__RAW DATA__.
BEGIN

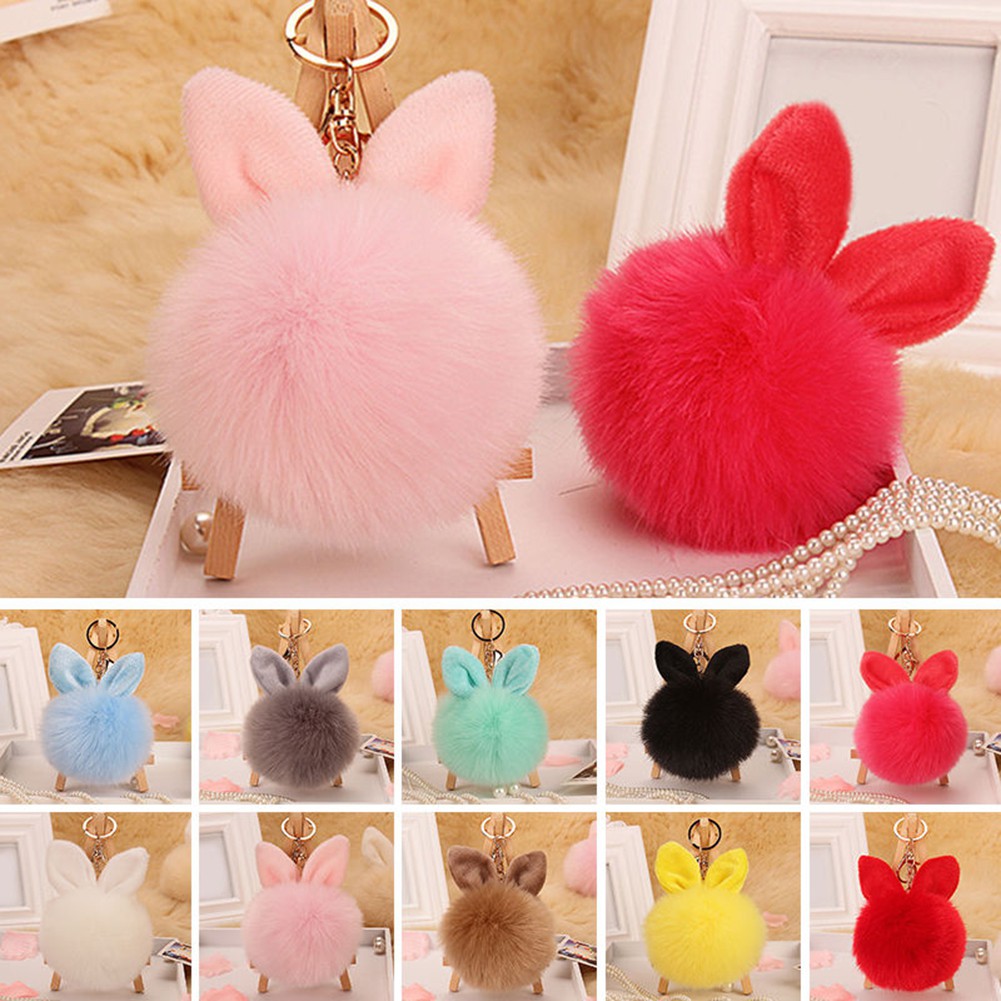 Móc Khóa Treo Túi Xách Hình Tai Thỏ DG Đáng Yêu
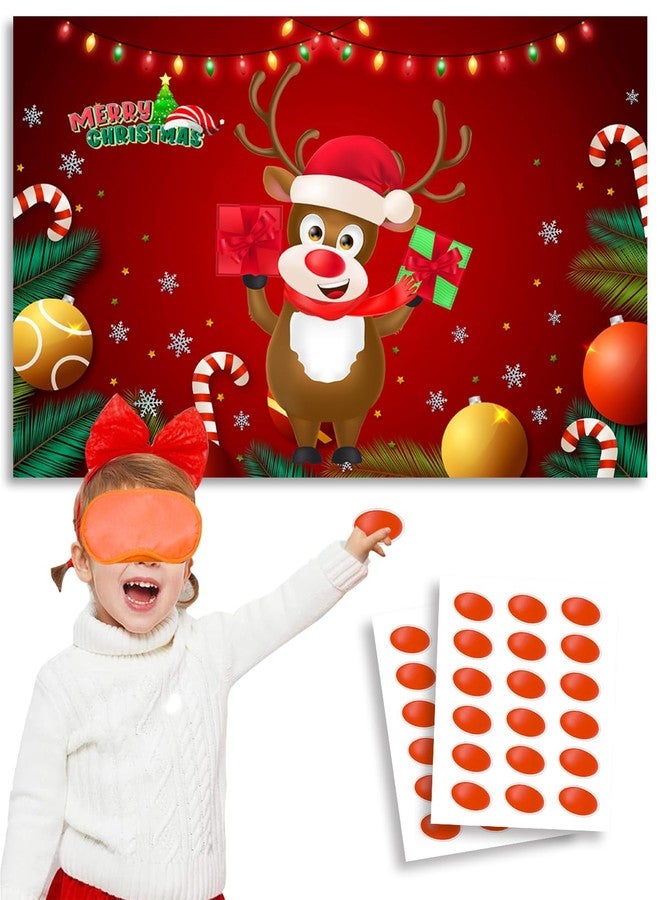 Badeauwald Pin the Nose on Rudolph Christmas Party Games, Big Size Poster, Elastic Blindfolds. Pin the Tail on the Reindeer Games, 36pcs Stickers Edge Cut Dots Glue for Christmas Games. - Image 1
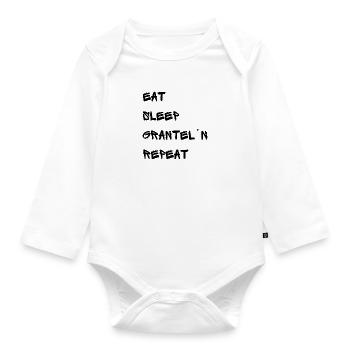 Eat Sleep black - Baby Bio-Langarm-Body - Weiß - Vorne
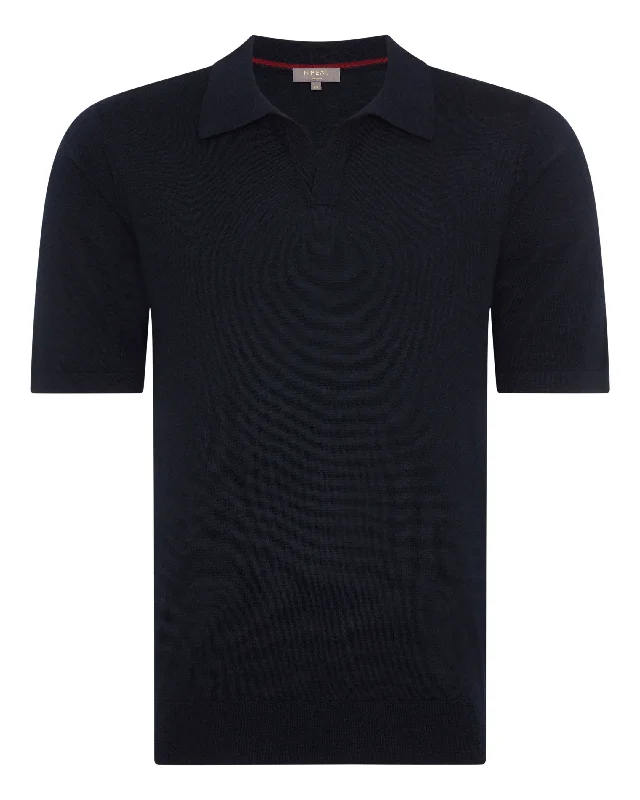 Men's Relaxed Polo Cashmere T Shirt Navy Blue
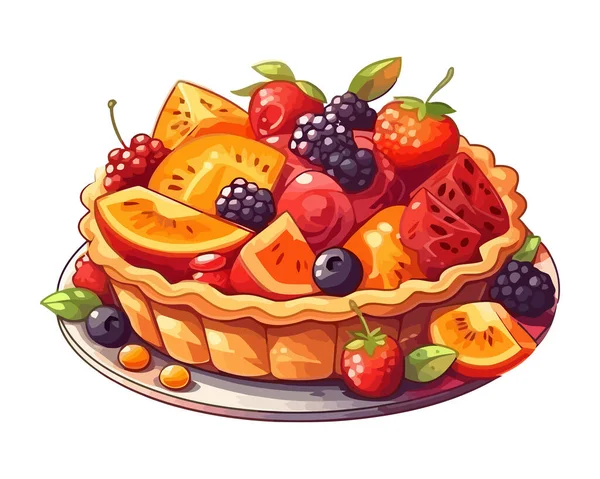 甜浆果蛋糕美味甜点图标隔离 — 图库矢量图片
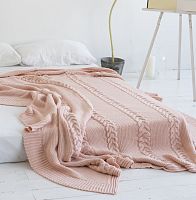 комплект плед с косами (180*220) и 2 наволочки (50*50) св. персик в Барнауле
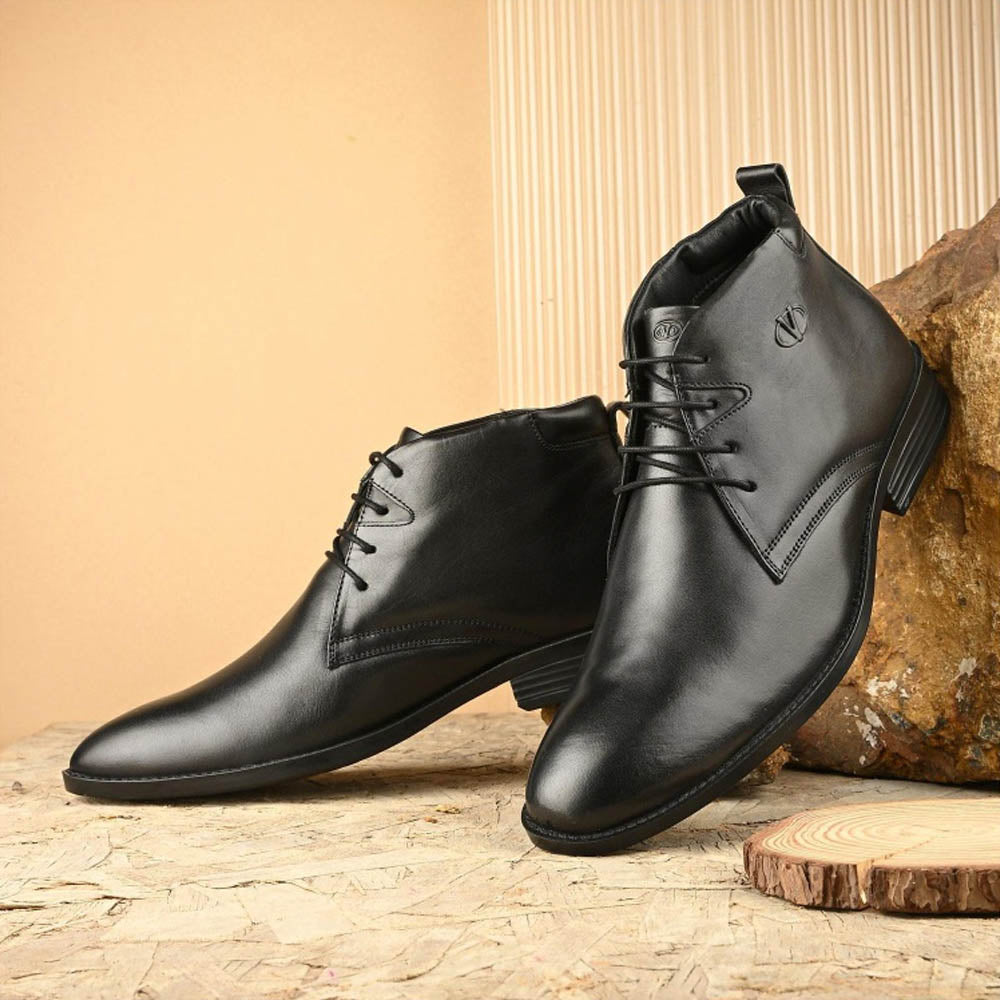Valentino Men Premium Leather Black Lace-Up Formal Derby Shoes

END

__PROBLEM__.
Every line from the top of the material above through the line with "комплект плед с" should be duplicated exactly, please; leave out the pictures.

__RESULT FOR THIS TASK__.
 Móc Khóa Treo Túi Xách Hình Tai Thỏ DG Đáng Yêu
 Badeauwald Pin the Nose on Rudolph Christmas Party Games, Big Size Poster, Elastic Blindfolds. Pin the Tail on the Reindeer Games, 36pcs Stickers Edge Cut Dots Glue for Christmas Games. - Image 1
 Eat Sleep black - Baby Bio-Langarm-Body - Weiß - Vorne
 Men's Relaxed Polo Cashmere T Shirt Navy Blue
 甜浆果蛋糕美味甜点图标隔离 — 图库矢量图片
 комплект плед с косами (180*220) и 2 наволочки (50*50) св. персик в Барнауле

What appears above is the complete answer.